Hence, by choosing \( a < y^*(e_0)\), \( \vert G(\theta ; M, e_0)\vert \) will be uniformly bounded in (47) for all \( M \in [0, \pi ]\) and the statement (c) implies the spectral accuracy of the discrete wavenumbers with error

$$\begin{aligned} \mathcal {O} \left( \exp ( - a \; N ) \right) \quad \hbox {with} \quad N \rightarrow \infty . \end{aligned}$$

In conclusion, for a given eccentricity \( e_0 \in (0,1)\) when the exact value of the numerator of (43), that in Fourier notation is \( \widehat{S}(-2) \), is approximated by the composite trapezoidal rule with \((N+1)\) nodes, i.e., \( \widehat{S}_h (-2)\) in terms of the discrete Fourier transform, with \( h = 2 \pi /N\), the error satisfies an asymptotic error estimate

$$\begin{aligned} \vert \widehat{S}(-2) - \widehat{S}_h (-2) \vert = \mathcal {O} ( \exp ( - a/2 \ N ) ) \end{aligned}$$

(48)

with a coefficient \( a = y^* ( e_0) = g^{-1} (e_0)\) which depends only on \(e_0\) and does not depend on M; therefore,

$$\begin{aligned} \vert \widehat{S}(-2) - \widehat{S}_h (-2) \vert \simeq C_2 \; \exp \left[ - a/2 \ N \right] , \quad N \rightarrow \infty , \end{aligned}$$

(49)

with some constant \( C_2\).

Similarly for the denominator of (43), we have

$$\begin{aligned} \vert \widehat{S}(-1) - \widehat{S}_h (-1) \vert \simeq C_1 \; \exp \left[ - (a/2) \; N \right] , \quad N \rightarrow \infty \end{aligned}$$

(50)

with the same a and some constant \( C_1\).

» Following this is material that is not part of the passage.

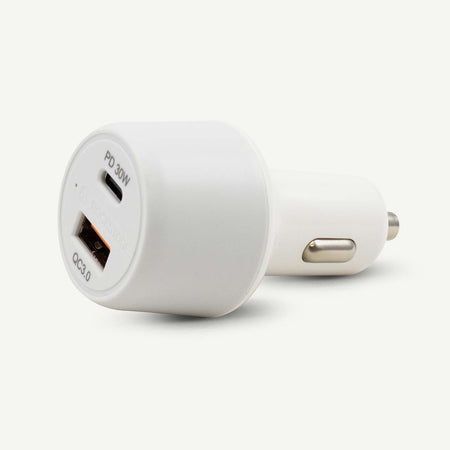 J48 Dual Port PD 30W + QC 3.0 Car Charger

The equations (49) and (50) show that the composite trapezoidal rule applied to the corresponding integrals exhibits an spectral accuracy of both numerator and denominator with the same constant factor \( a < y^*(e_0)\).

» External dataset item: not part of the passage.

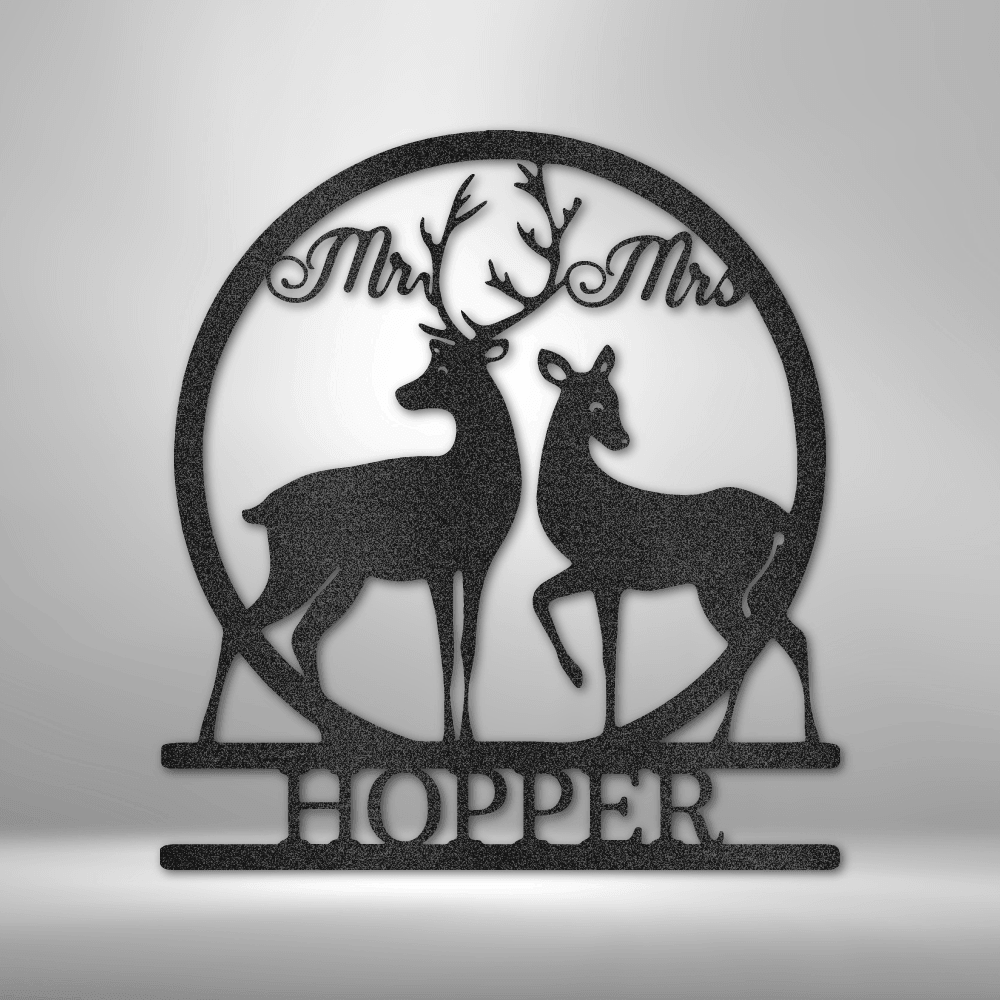 Mr and Mrs Deer Monogram - Steel Sign - Kim’s Signature Beauty & Accessories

Moreover, for the quotient, by putting \( \epsilon = \exp (- a/2 \ N ) \), by (49) and (50)

$$\begin{aligned} \widehat{S}_h (-2) = \widehat{S}(-2) + C_2 \epsilon + o( \epsilon ), \quad \widehat{S}_h (-1) = \widehat{S}(-1) + C_1 \epsilon + o( \epsilon ), \end{aligned}$$

and then

$$\begin{aligned} \left| \displaystyle \frac{\widehat{S}(-2) }{\widehat{S}(-1)}- \displaystyle \frac{\widehat{S}_h (-2) }{\widehat{S}_h (-1)} \right| =\displaystyle \frac{\left[ \widehat{S}(-1) C_1 - \widehat{S}(-2) C_2 \right] \; \epsilon + o( \epsilon )}{\widehat{S}(-1) \widehat{S}_h(-1)}; \end{aligned}$$

hence, for the quotient we have also spectral accuracy with the same coefficient. Note that such spectral accuracy could be improved if the equality \( \widehat{S}(-1) C_1 - \widehat{S}(-2) C_2 = 0\) holds.

In Fig. 5  we display the \(\log _{10} \texttt {AErr}(K)\) for the mean anomaly \( M=0.1\) (upper plot) and \( M=3.0\) (lower plot), as a function of K (\(N=2K\)), with \(2\le K \le 32\) and for a discrete range of values of the eccentricity between \( e=0.1\) and \( e = 0.99\).

We see that \( \log _{10} \texttt {AErr} (K) \) exhibits a linear behavior of K with a negative slope \( - \alpha = -\alpha (e) < 0\) that increases with the eccentricity and then

$$\begin{aligned} \log _{10} \left[ \texttt {AErr} (K) \right] = \displaystyle \frac{\log (\texttt {AErr} (K) )}{\log 10} \sim - \alpha (e) \; K \end{aligned}$$

which implies

$$\begin{aligned} \texttt {AErr} (K) \sim \exp [- \alpha (e) K \log 10 ], \end{aligned}$$

which shows that \(\texttt {AErr} (K) \) behaves as an exponential function of K with a negative coefficient that depends on the eccentricity so that it is smaller when the eccentricity gets closer to one.

In Figure 5 (upper plot) we observe that for the mean anomaly \( M = 0.1\) we have the same behavior as in the case \( M=3.0\) (lower plot), but as M is close to zero and \( (M=0, e=1) \) is a singularity of KE, the spectral behavior is affected by this fact and \( \alpha (e)\) is closer to zero than in the above case.

This confirms numerically the spectral behavior of the error that depends on the eccentricity. Note that for the small eccentricity \(e=0.1\) the negative slope implies that arbitrarily small errors a attained even with moderate values of K. However, for the eccentricity \(e = 0.99\) it is necessary to take large values of K to get moderate errors. Moreover, this is particularly relevant for values of M close to zero as shows the case \(M=0.1\).